Interest rates fell significantly in the first quarter; 30-year Treasury yields dropped from 3.01% to 2.81% while the 10-year Treasury shaved roughly 19 bp’s to end the quarter at 2.49%. A flatter yield curve contributed to longer bonds outperforming including a notable, albeit brief, inversion of the 3-month vs. 10-year Treasury. Other sections of the Treasury curve, including the 2-year vs. the 5-year, continue to be inverted. High yield bonds rallied significantly tracking equity indices higher.
The table below summarizes the returns of some major BofA/Merrill Lynch fixed income indices.
AAA Yield Shifts
The chart below shows the shift in the yield curve for AAA-Rated Munis since the first of the year. The red line shows the yield curve as of 12/31/18 for maturities from 1 to 30 years. The blue line shows the yield curve as of the end of the first quarter. The yields associated with the curve are shown on the left axis. For example, the yield of a bond with a 1-year maturity went from 1.75% to 1.48% during this time period. The vertical lines on the chart represent the change in yields for each given maturity. This change is shown on the right side of the chart. For example, the yield of a bond due in 9 years fell 43 bp’s during the quarter. This chart shows we had a significant rally in the Muni market.

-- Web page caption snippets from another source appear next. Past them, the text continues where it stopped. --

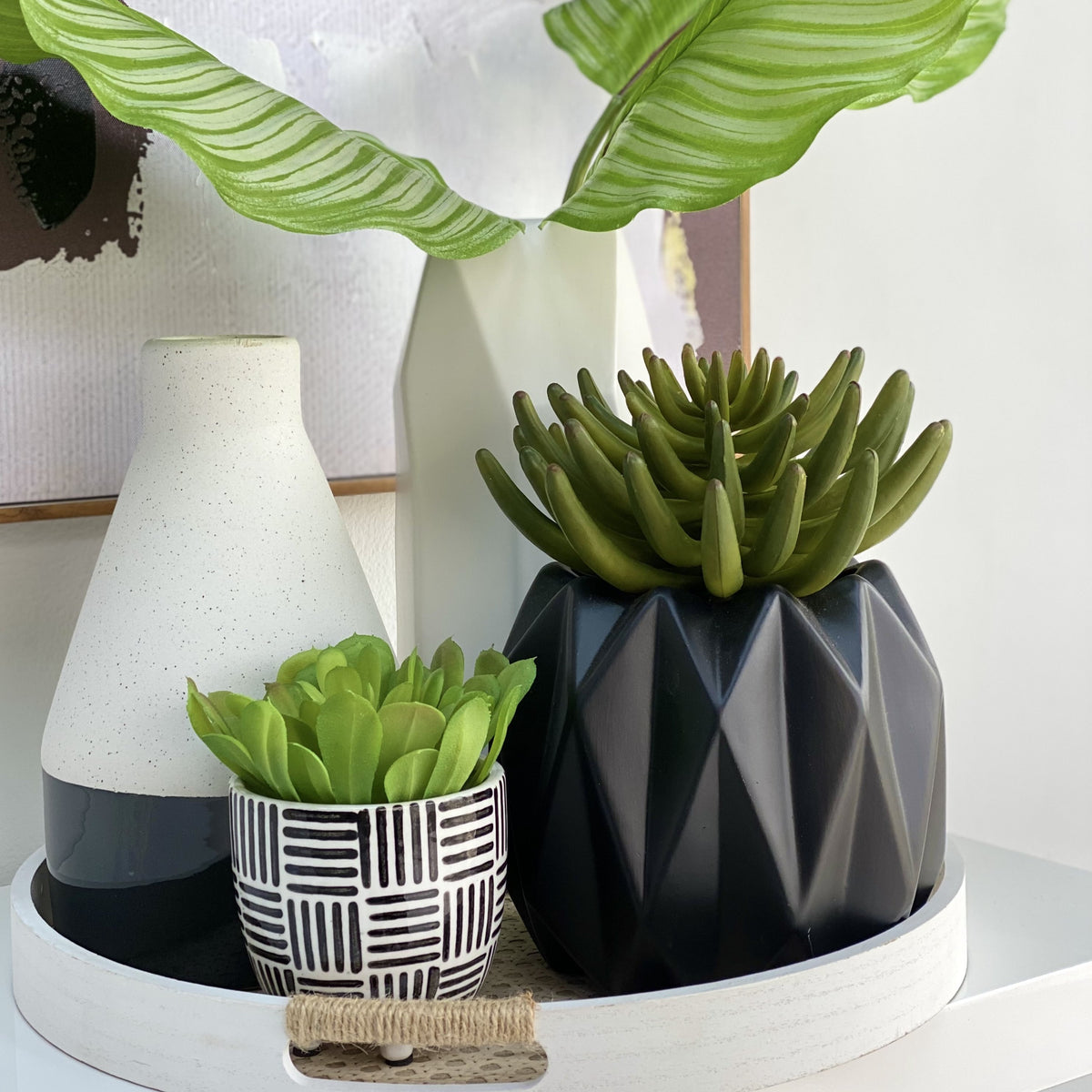 Black Bottom Ceramic Bud Vase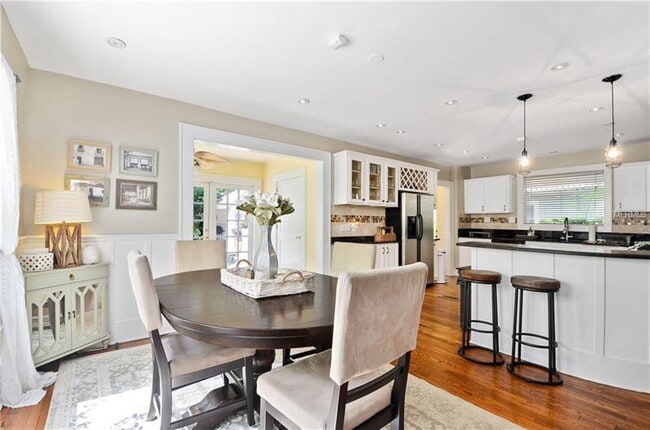 Building Photo - Amazing 4 BR Pool home in the heart of Tho...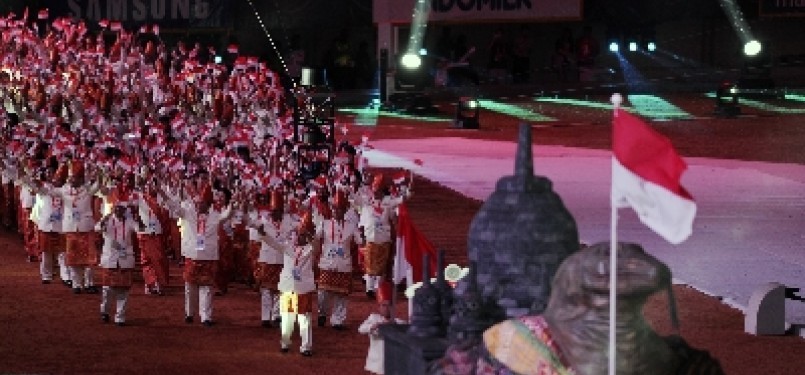 Kontingen Indonesia mengikuti parade atlet saat pembukaan Sea Games XXVI di Stadion Jakabaring, Palembang, Sumatera Selatan, Jumat (11/11).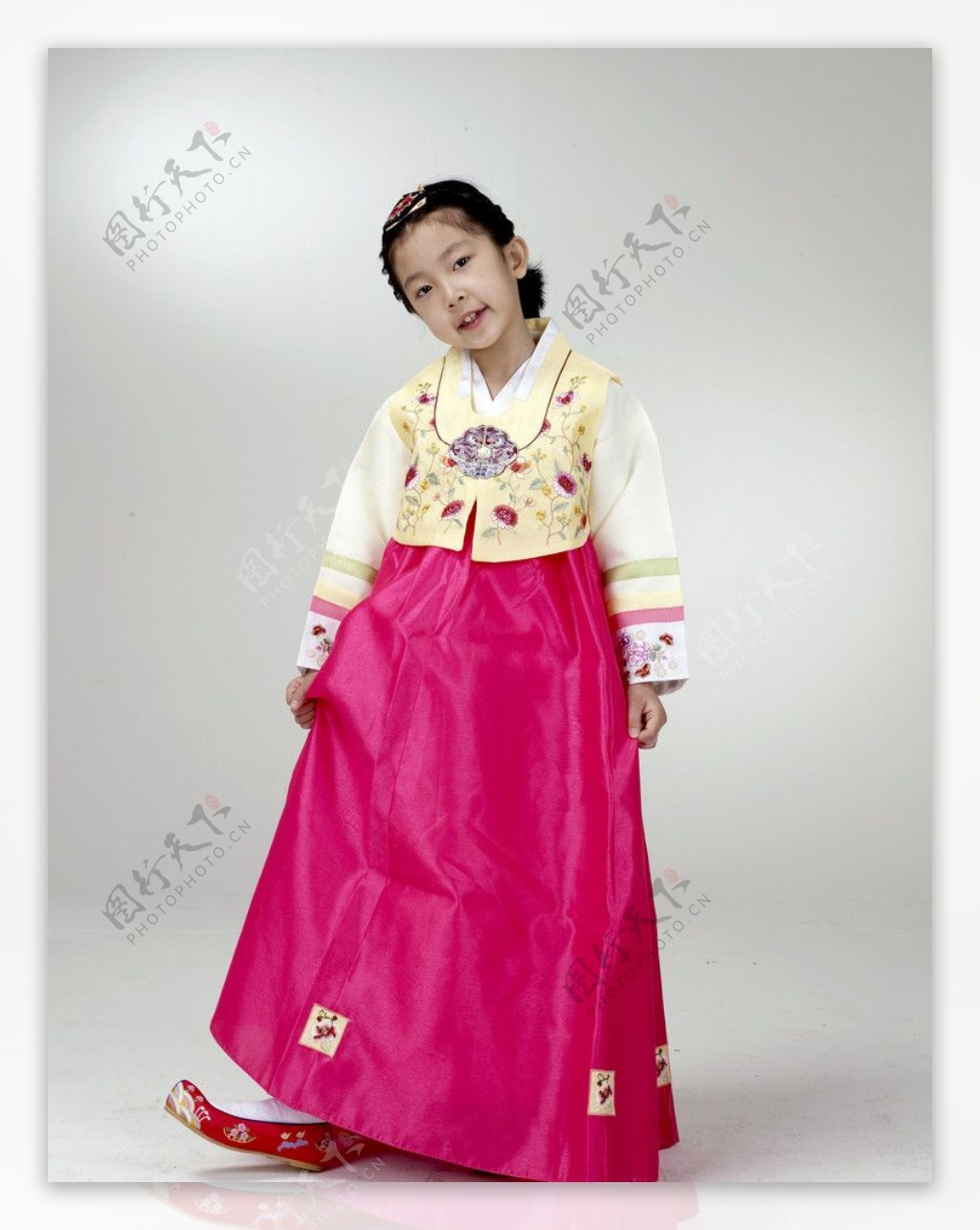 朝鲜服装小女孩图片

Should We Be Concerned About Inflation Picking Up?
The Financial Crisis occurred more than 10 years ago and peaked after Lehman Brothers collapsed on 9/15/2008. Since early 2009 the economy has been in a steady uptrend. During the early years of the crisis the Fed implemented several policies to help stimulate the weak economy. These measures included taking the Fed Funds rate to zero. When that didn’t appear to be enough stimulus to strengthen the economy, the Fed implemented three rounds of Quantitative Easing by purchasing extraordinary amounts of U.S. Treasury securities. This resulted in their balance sheet going from about $800 billion to about $4.5 trillion. During this period the Fed faced extraordinary deflationary forces and was not able to reach their inflation target of 2.0% until recently. The bond market has become complacent after more than 10 years of extremely low inflation. Negative demographic trends and high levels of debt have been a drag on economic growth and led to inflation being below the Fed’s 2.0% target. Market breakeven rates are currently around 2.0% which suggests the bond market expects inflation to average about 2.0% annually for the next 10 years. There are some signs this may turn out to have been an overly optimistic view about inflation. The tax cuts combined with increased government expenditures are leading to worrisome Federal deficits, which are projected to be over $1.0 trillion annually for the next 10 years or more. This is an unprecedented amount of fiscal stimulus for an economy at this late stage in the business cycle. The chart below shows the deficit projections by the Congressional Budget Office (CBO) through 2028. This is projected to take the percentage of debt to GDP from about 106% to 113% during the next several years. To put this into context debt to GDP was only about 30% in the early 1980’s.
This stimulus is coming at a time when the unemployment rate is below 4.0%. The unemployment rate has averaged about 5.8% since 1948. This means there is now very little slack in the labor markets. There are shortages of available workers across many sectors of the economy. Currently, there are simply not enough construction workers for firms to hire. This is due to workers leaving the construction industry for other jobs, not enough new skilled workers entering the industry, and workers leaving the country or not being allowed to enter the country due to tighter immigration policies. This trend is not expected to change any time soon. Other industries are experiencing the same difficulties in hiring workers for their job openings. This is leading to increased wages for workers. The minimum wage is increasing in many parts of the country to $15 per hour, and this trend seems to be gaining momentum. Teacher salaries are also beginning to rise after being capped for several years due to budgetary pressures at the state and local levels. The chart below shows Average Hourly Earnings is now rising at an annual rate of between 3.0%-3.5% after averaging only 2.3% for the last 10 years. We expect wage pressures to continue to rise which will lead to higher levels of inflation going forward. This may put some upward pressure on longer rates.
Muni vs UST Ratios
Tax law changes which cap the amount of deductions for state and local real estate, property, sales, or income taxes paid over the course of the year to $10,000 have made Munis more attractive to investors who live in high tax states. This has increased the demand for Muni bonds. At the same time the limitations imposed on tax-free refunding’s in the Muni market have reduced the relative supply of Munis. This has led to Muni bonds trading at relatively rich valuations compared to U.S Treasuries and has led to outperformance by Munis across all maturities on the yield curve.